[DATA BLOCK — start]

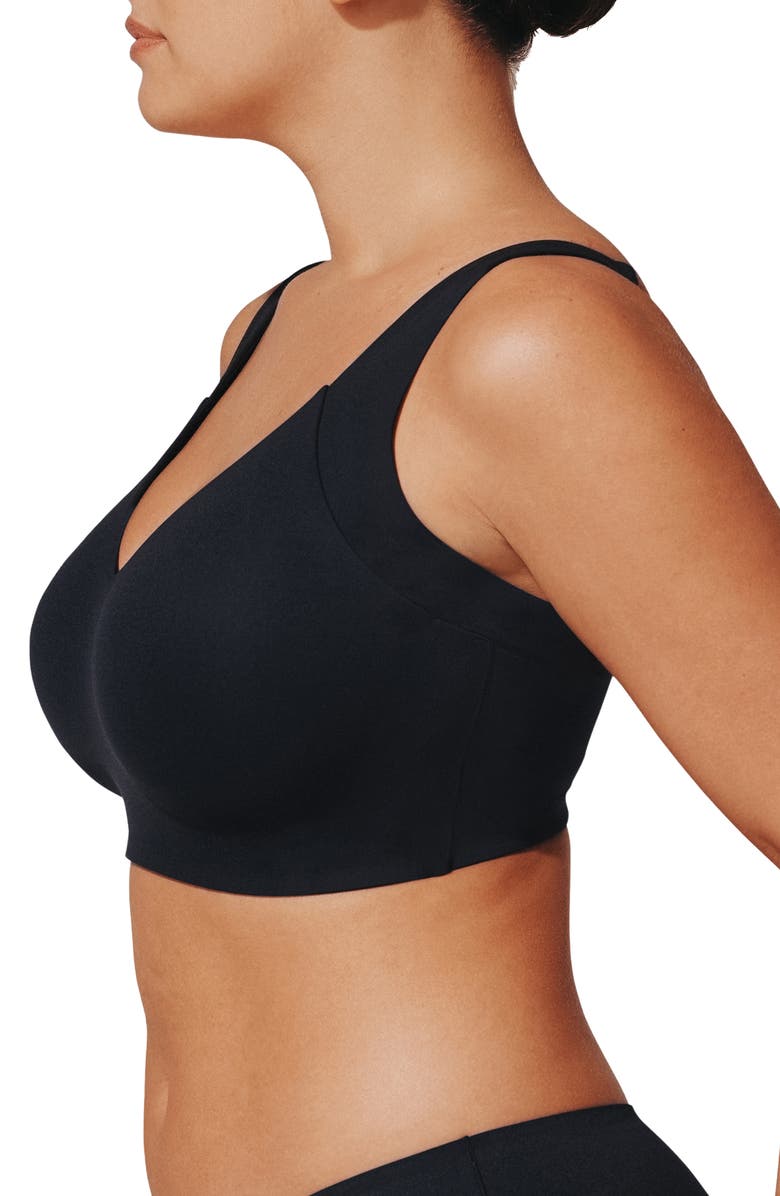 ThirdLove ComfortStretch Wireless Smoothing Bra, Alternate, color, Black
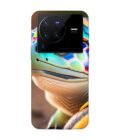 Printed Back Cover for Vivo X80 Pro Close Up Cute Turtle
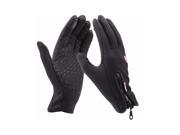 Unisex Winter Outdoor Sports Windproof Waterproof Ski Gloves Warm Riding Gloves Motorcycle Gloves Black L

[DATA BLOCK — finish]

(WHAT YOU WILL DO) What the reply must contain is an exact transcription of the data above and none of its pictures.

(EXPECTED ANSWER)
 ThirdLove ComfortStretch Wireless Smoothing Bra, Alternate, color, Black
 Printed Back Cover for Vivo X80 Pro Close Up Cute Turtle
 Unisex Winter Outdoor Sports Windproof Waterproof Ski Gloves Warm Riding Gloves Motorcycle Gloves Black L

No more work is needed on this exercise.